- **How to complete this task**:
Quote the whole listing word for word. Do not include the pictures.

- **Source data**:
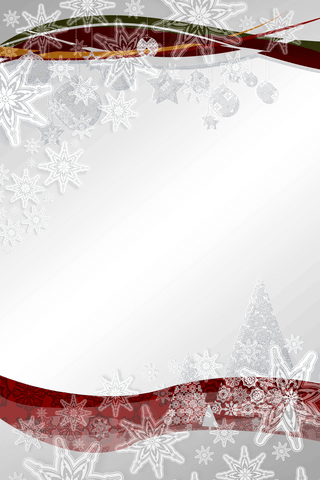 Transparent christmas snowflakes and ornamentulated decorations background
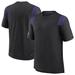 Men's Nike Black Baltimore Ravens Sideline Tonal Logo Performance Player T-Shirt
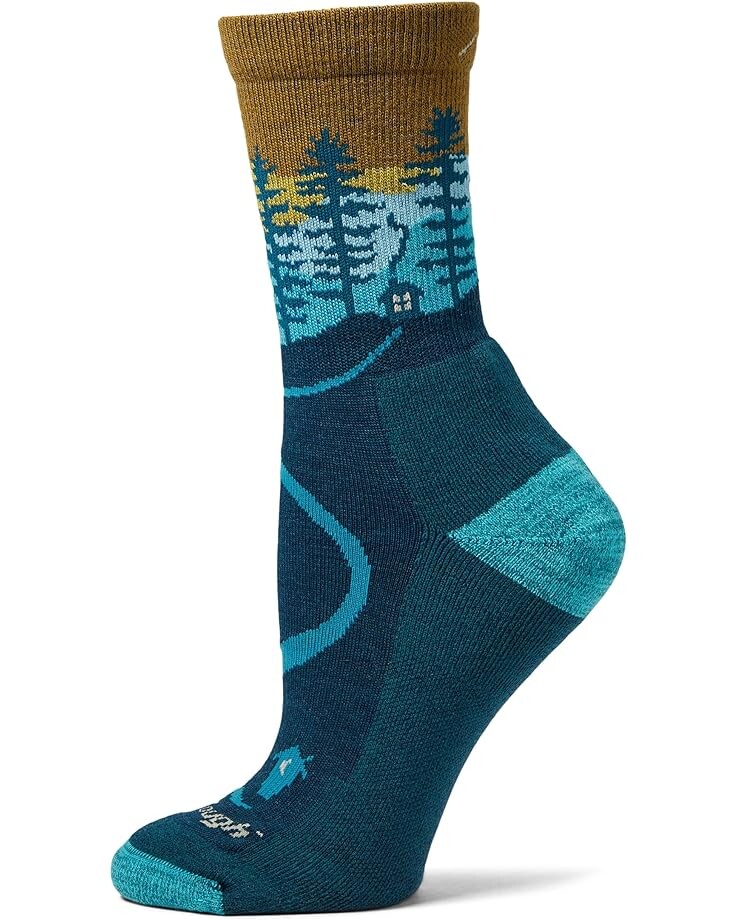 

Носки Darn Tough Vermont Northwoods Micro Crew Midweight with Cushion, цвет Dark Teal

- **Exercise answer**:
 Transparent christmas snowflakes and ornamentulated decorations background
 Men's Nike Black Baltimore Ravens Sideline Tonal Logo Performance Player T-Shirt

Носки Darn Tough Vermont Northwoods Micro Crew Midweight with Cushion, цвет Dark Teal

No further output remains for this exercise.